Seize ans après les Duetti arcadiens partagés entre dix chanteurs triés sur le volet au baptême du Concert d'Astrée, voici déjà le septième rendez-vous d'Emmanuelle Haïm avec le Handel italien. Elle l'a toujours gratifié de voix splendides et finement préparées. Il a toujours flatté en retour sa générosité précise. Le nouvel album devait associer les jeunes étoiles Sabine Devieilhe et Marianne Crebassa dans le grand tableau pastoral (dix airs plus un duo) d' Aminta e Fillide puis leur confier indépendamment deux cantates tragiques. La mezzo a dû renoncer peu avant les concerts, Lea Desandre a relevé le défi dans un programme inchangé.

Gardons la soprano star pour la fin, commençons l'écoute avec sa partenaire, dont l'instinct et le charisme ont toujours fait merveille en scène. Est-ce bien elle ? Il faut dresser l'oreille pour approcher le grain vocal de ce chant bizarrement éloigné par les micros. Si Desandre possède déjà toutes les clefs d'une déclamation vivante et concentrée, dans un italien idéalement coloré, la lourde robe de Lucrezia pèse sur ses jeunes épaules et l'inhibe dès le premier air - c'est chez Janet Baker et Magdalena Kozena que nous percevrons l'enjeu de ces intervalles mélodiques et la stature, l'inaltérable dignité, les plaies fatales de la Romaine qui regagne son honneur en se perçant le sein. Pour prendre contact avec une musicienne touchante s'il en est, et fondre, écoutez plutôt les frémissements du sixième air d'Aminta e Fillide, et le théâtre de l'inquiétude du huitième.
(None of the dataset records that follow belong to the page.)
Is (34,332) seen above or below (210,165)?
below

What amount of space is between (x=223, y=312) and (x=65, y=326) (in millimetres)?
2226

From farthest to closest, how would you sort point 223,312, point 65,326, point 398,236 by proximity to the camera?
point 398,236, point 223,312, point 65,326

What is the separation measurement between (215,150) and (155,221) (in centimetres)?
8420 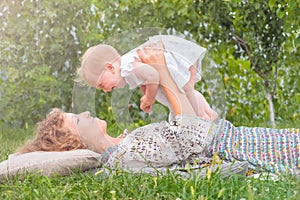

Nettement mieux enregistrée, Sabine Devieilhe infuse tout au long d' Armida abbandonata une extraordinaire tendresse. Handel, d'ailleurs, n'exprime la colère de la magicienne que par touches, pour rehausser les effusions d'un coeur trahi mais indéfectible - le dernier numéro supplie le dieu d'amour de le libérer. Les élans implorants de « Venti, fermate », quand Armide s'empresse de calmer les vents qu'elle vient de déchaîner, sont un grand moment, auquel s'accorde la splendeur de l'orchestre. Mais fallait-il flatter à tout prix l'aigu de la soprano dans les da capo ornés, qui ajoutent plus de sucre que de sel aux larmes des deux autres airs ? Les contorsions de soubrette abbandonata ne sont pas sans charme, mais la voix en possède tant déjà. .. Le pot de paillettes pèse également sur les da capo d' Aminta e Fillide. Servent-ils le sens musical ? Ils risquent de le diluer, dans leur course anachronique vers la contre-note. Servent-ils les voix ? Ils flattent leur souplesse, oui, mais surexposent aussi la faible spontanéité de Devieilhe, qui récite une divine leçon plus qu'elle n'y manifeste son invention. Quant à Desandre, elle se raidit dans le da capo mal digéré de « Fu scherzo », et trahit dans celui de « Sento ch'il Dio bambin » l'intimité sublime qu'elle avait installée. Il n'est pas interdit de zapper avant la fin des plages, pour admirer ensuite la caractérisation, la lumière et l'esprit qu'Emmanuelle Haïm a su rendre à ce divertissement offert, en 1708, à une assemblée de cardinaux et de lettrés dans un jardin romain.